§ **Task goal**
The response should repeat word for word every line below from the one with "Mercedes-Benz 600 W100 Pulmann Negru - 1" to the one with "Дом из переработанной", inclusive, and nothing else; leave pictures out.

======== Data to examine ========

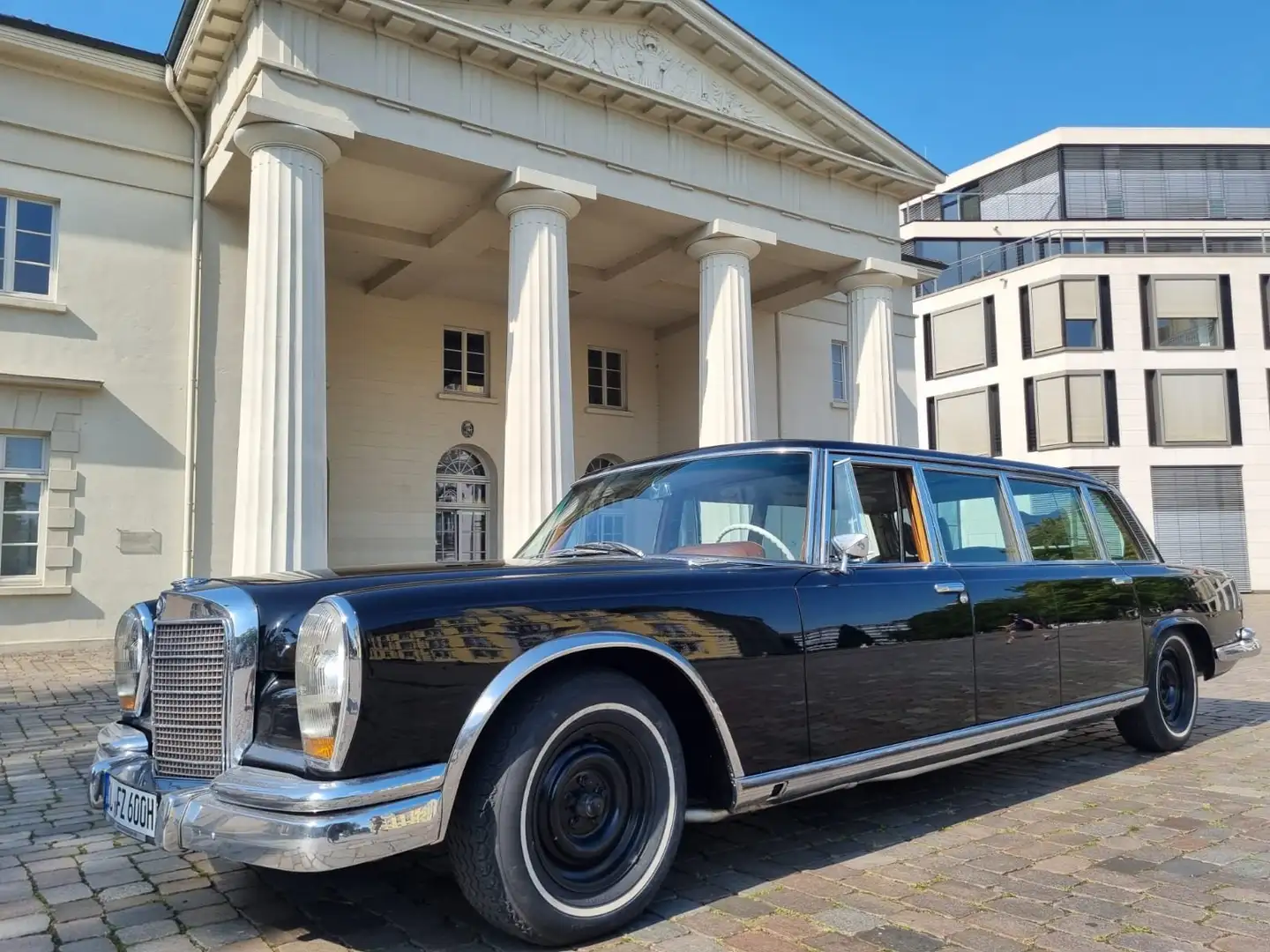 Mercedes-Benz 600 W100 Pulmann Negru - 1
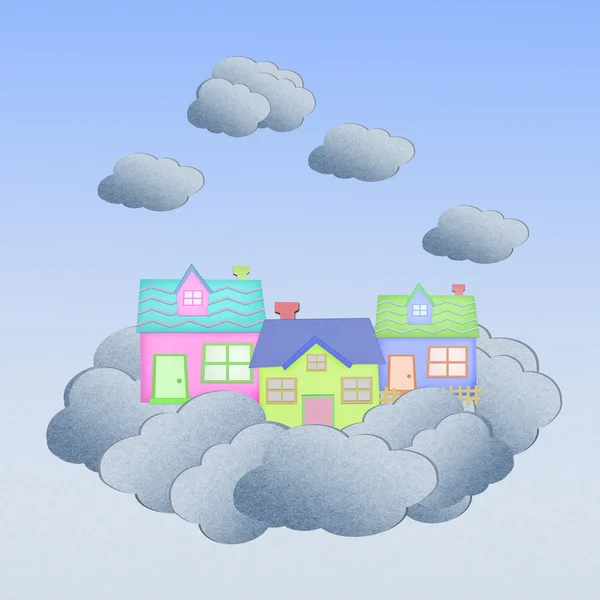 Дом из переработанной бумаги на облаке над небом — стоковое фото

========
======== Data to examine ========

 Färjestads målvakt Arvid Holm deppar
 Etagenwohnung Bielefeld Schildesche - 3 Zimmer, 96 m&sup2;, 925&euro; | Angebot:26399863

========
======== Data to examine ========

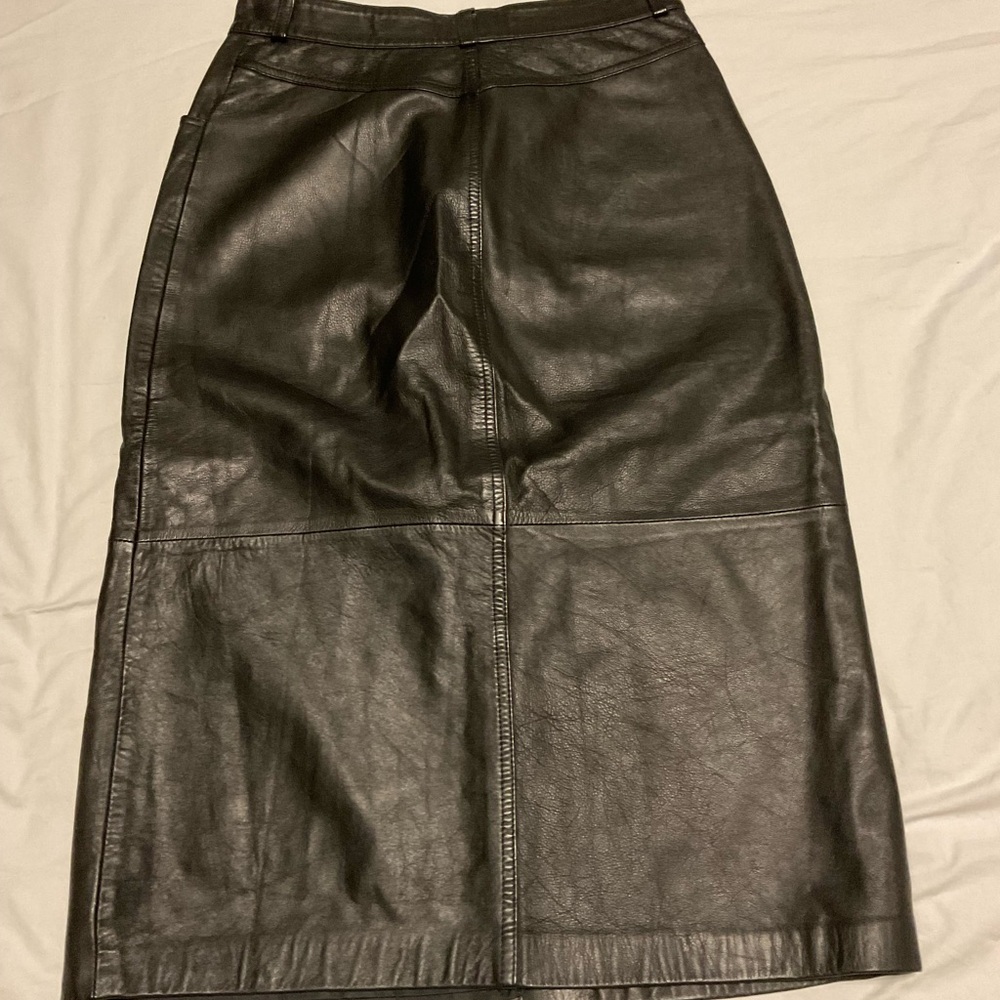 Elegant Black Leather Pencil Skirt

========

§ **Final answer**
 Mercedes-Benz 600 W100 Pulmann Negru - 1
 Дом из переработанной бумаги на облаке над небом — стоковое фото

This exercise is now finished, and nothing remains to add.